EXERCISE OBJECTIVE: For the material below, the expected output is exactly the lines between the line holding "6981 image for slide" and the line holding "Százmilliókat foglaltak le", inclusive, with pictures left out.

SOURCE INFORMATION:

--------

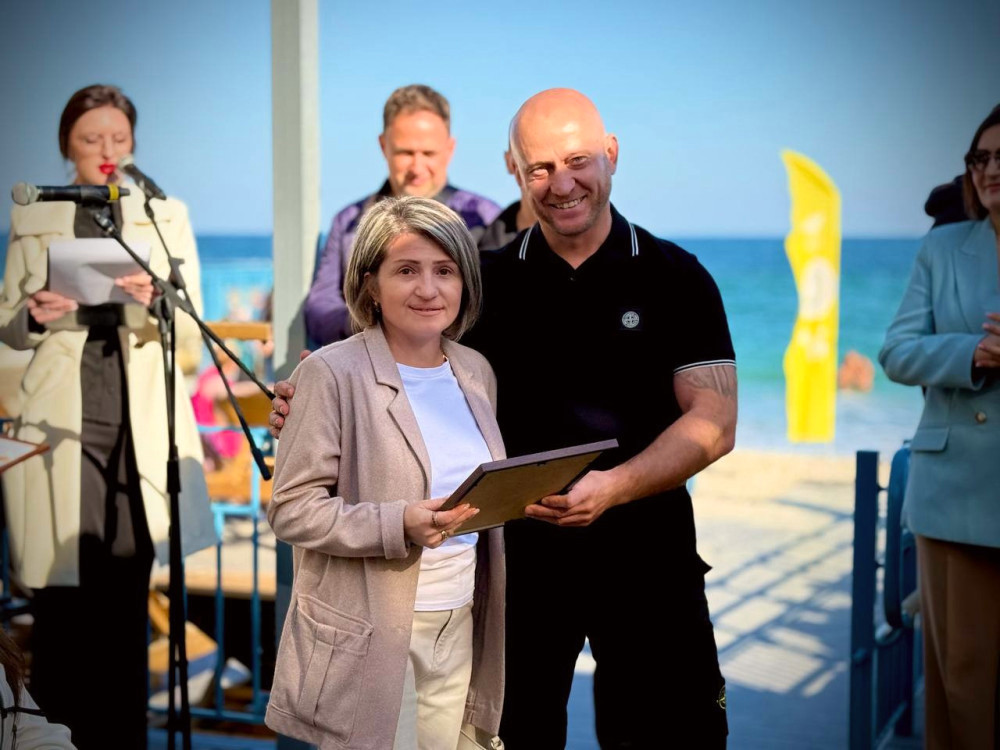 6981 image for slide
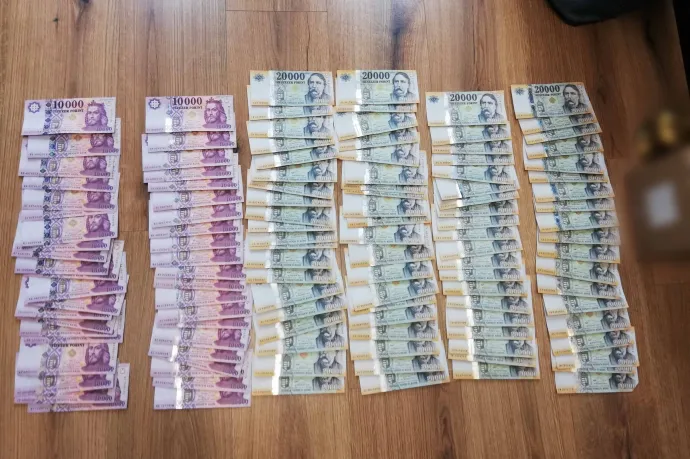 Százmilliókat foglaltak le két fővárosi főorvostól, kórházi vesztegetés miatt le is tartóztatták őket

--------

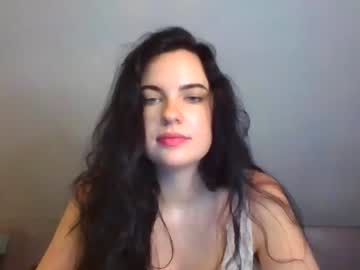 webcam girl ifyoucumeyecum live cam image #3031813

--------

RESPONSE TO THE EXERCISE:
 6981 image for slide
 Százmilliókat foglaltak le két fővárosi főorvostól, kórházi vesztegetés miatt le is tartóztatták őket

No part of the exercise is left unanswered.